Recipe by threeovens
This jam uses only fresh apricots, sugar, and fresh rosemary. You do not need a special canner for this recipe.
Top Review by BecR
The flavor is delicious, and I would give it five stars for flavor! That said, I had some real problems with this recipe. Cooking over medium-high heat for 30 minutes as called for in the instructions is too hot, and mine scorched, even though I checked often as stated! I recommend bringing the mixture to a boil over med-high heat, then reduce the temperature to medium, and stir every 5 minutes to prevent scorching. My apricots took over an hour to soften enough to pass through a strainer, instead of the 30 minutes stated. Definitely don't use a strainer, as it was way too much effort (I don't own a ricer), especially for 6 lbs. of fruit. Also had to add at least a cup of water to prevent it from sticking. I thnk this recipe might be salvaged with these changes, as well as using a really juicy fruit like very ripe peaches or juicy ripe berries, instead of apricots which are not usually a very juicy, runny fruit. Like I said, the flavor is delicious, though--thanks Ice Cool Kitty, wish I could give it more stars! Made for Preserving Summer in the photos forum.
- 6 lbs apricots, cut in half and pitted (about 16 cups)
- 12 sprigs rosemary (not whole stems, but branches on the stems)
- 2 cups sugar (or more or less, depending on the sweetness of your apricots)
- water, if needed
Directions See How It's Made
- In a large bowl, combine apricots, rosemary and sugar; mix well and let sit about 30 minutes until juices form at the bottom of the bowl.

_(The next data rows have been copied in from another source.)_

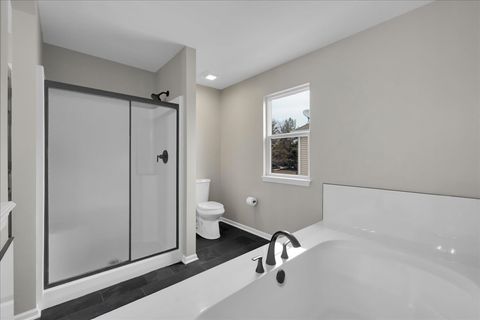 Tiny photo for 555 Bluestem Drive, Yorkville, IL 60560 (MLS # 12615451)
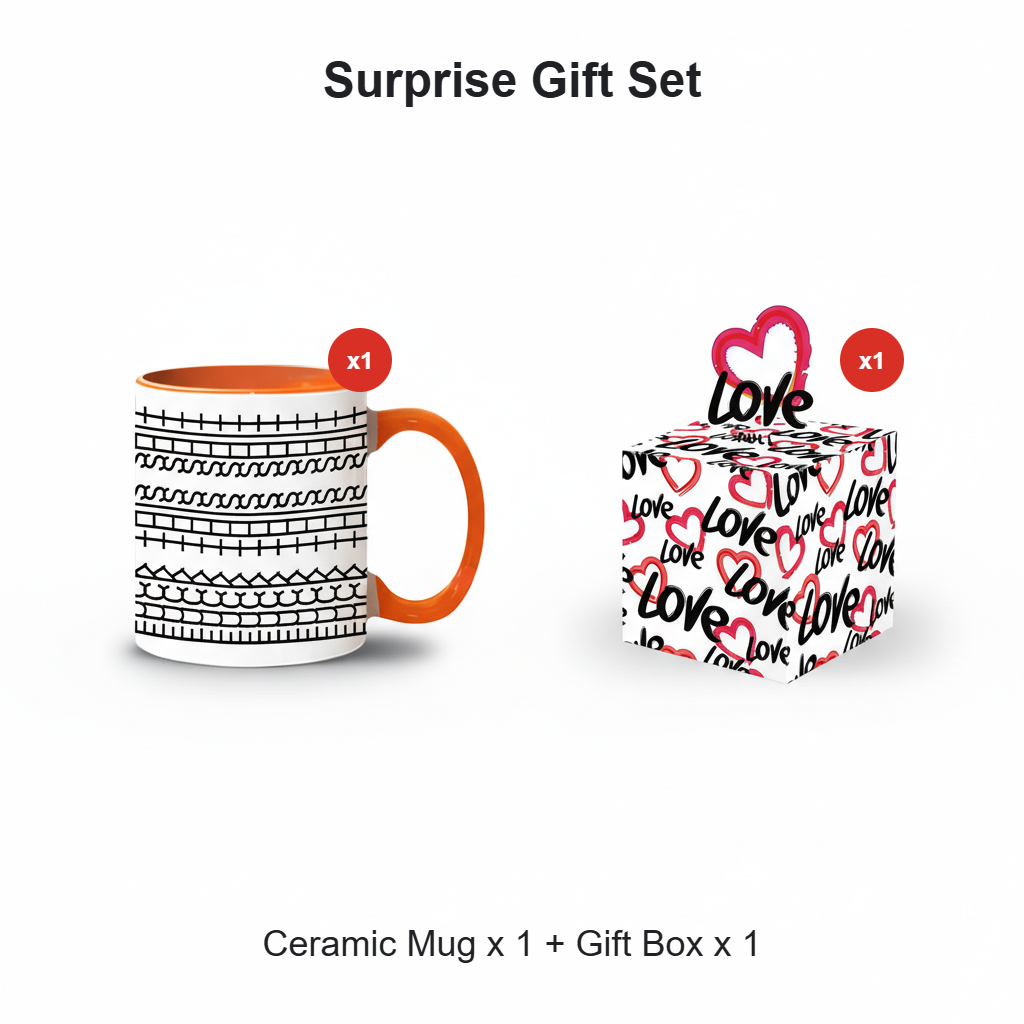 🔥🔥🔥Fun ceramic coffee mugs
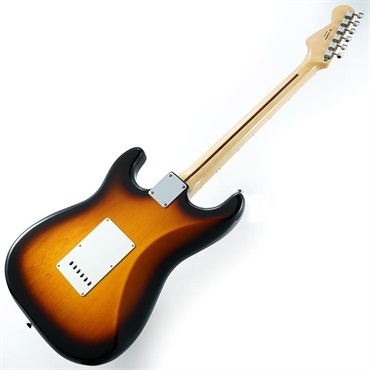 Fender Made in Japan Traditional 50s Stratocaster (2-Color Sunburst) 【特価】 画像2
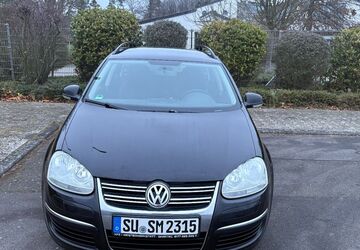 VW Golf 238.000 km 3.399 &euro; Meckenheim 53340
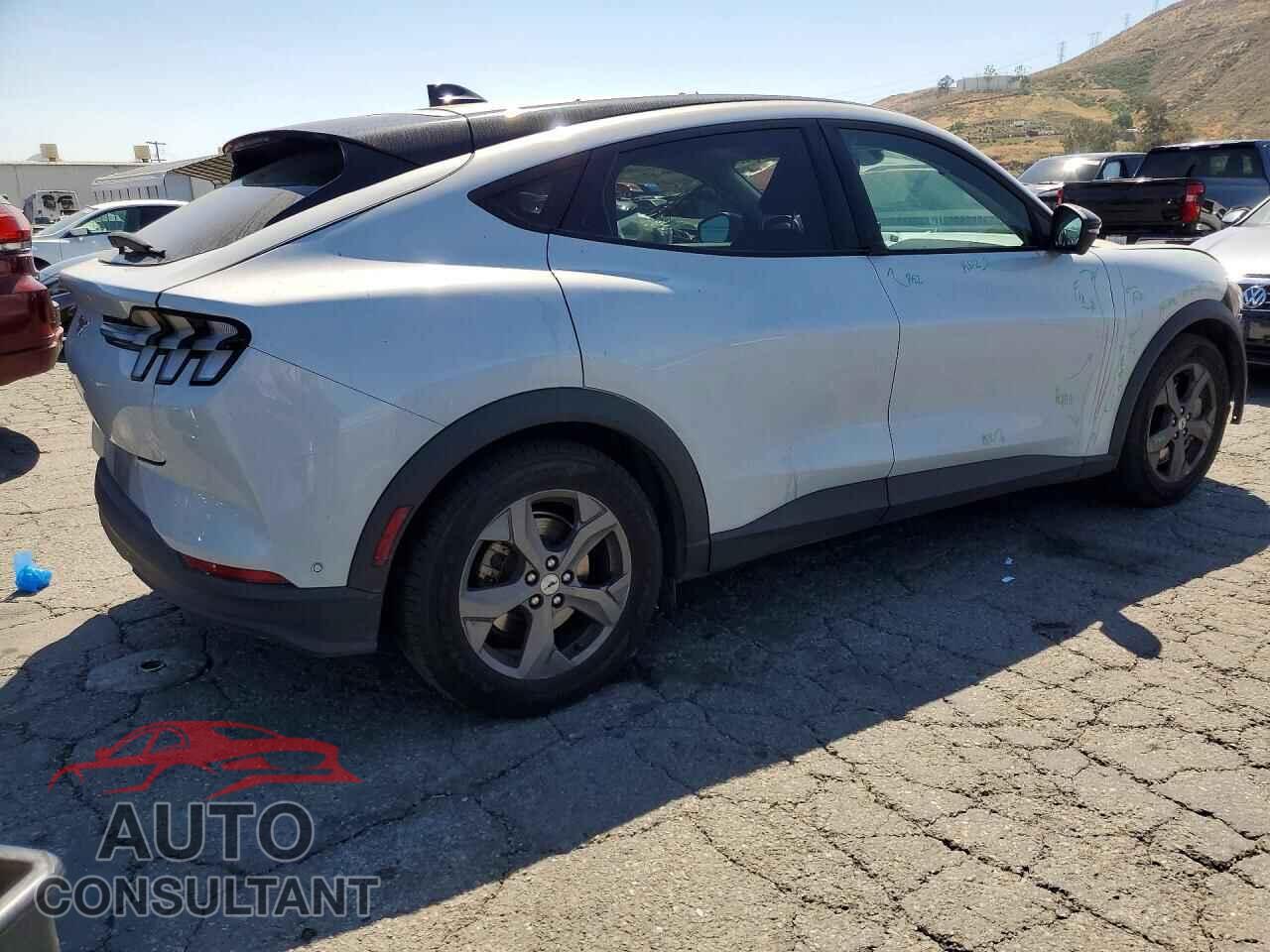 FORD MUSTANG 2023 - 3FMTK1RM0PMA07102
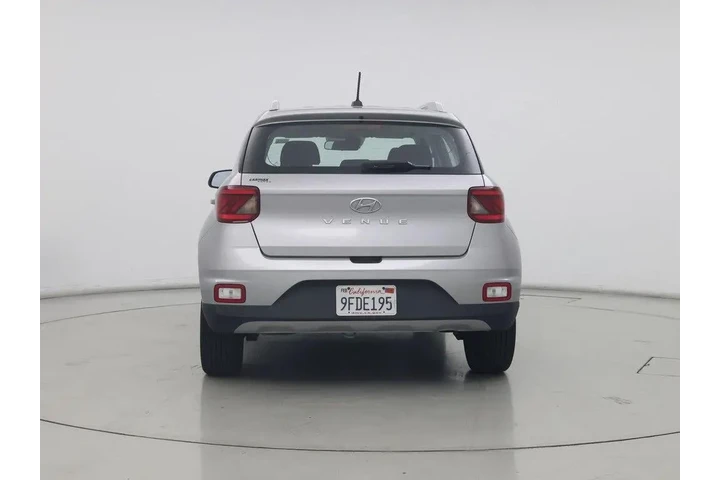 $19998 : Hyundai VENUE 2023 SEL 4dr C image 6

- Transfer the mixture, with juices, to a large pot and heat over medium high.
- Once mixture begins to boil, reduce heat to medium and cook, while stirring often, until apricots are soft and begin to lose their shape, about 30 minutes, or more (they should not have darkened significantly).
- Add a little water (up to a cup) if mixture starts sticking.
- Press apricots through a ricer or fine mesh strainer and return to pot; discard solids.
- Taste for sweetness and add sugar if needed; cook jam a few minutes more to dissolve any added sugar (flavor mellows as it cools).
- While still hot, ladle jam into hot, sterilized canning jars, leaving about 1/4 inch head space at the top; remove air bubbles by running a nonmetallic utensil or skewer between the jar and the jam.
- Top with new, clean lids, close tightly, and let come to room temperature.
- Check seal by pressing down in center of lid, it should not spring up.
- Process any jars that have not sealed in a hot water bath for 15 minutes; retest.
- NOTE: To sterilize the empty jars, fill a large pot with water and bring to a boil over high heat, then reduce the heat so that the water is barely bubbling. Have ready seven 8-ounce canning jars with 2-piece lids. Immerse the pint jars in the canning kettle. Place the rings and lids in a separate small saucepan and cover them with hot water. Leave the jars and lids immersed while you cook the jam.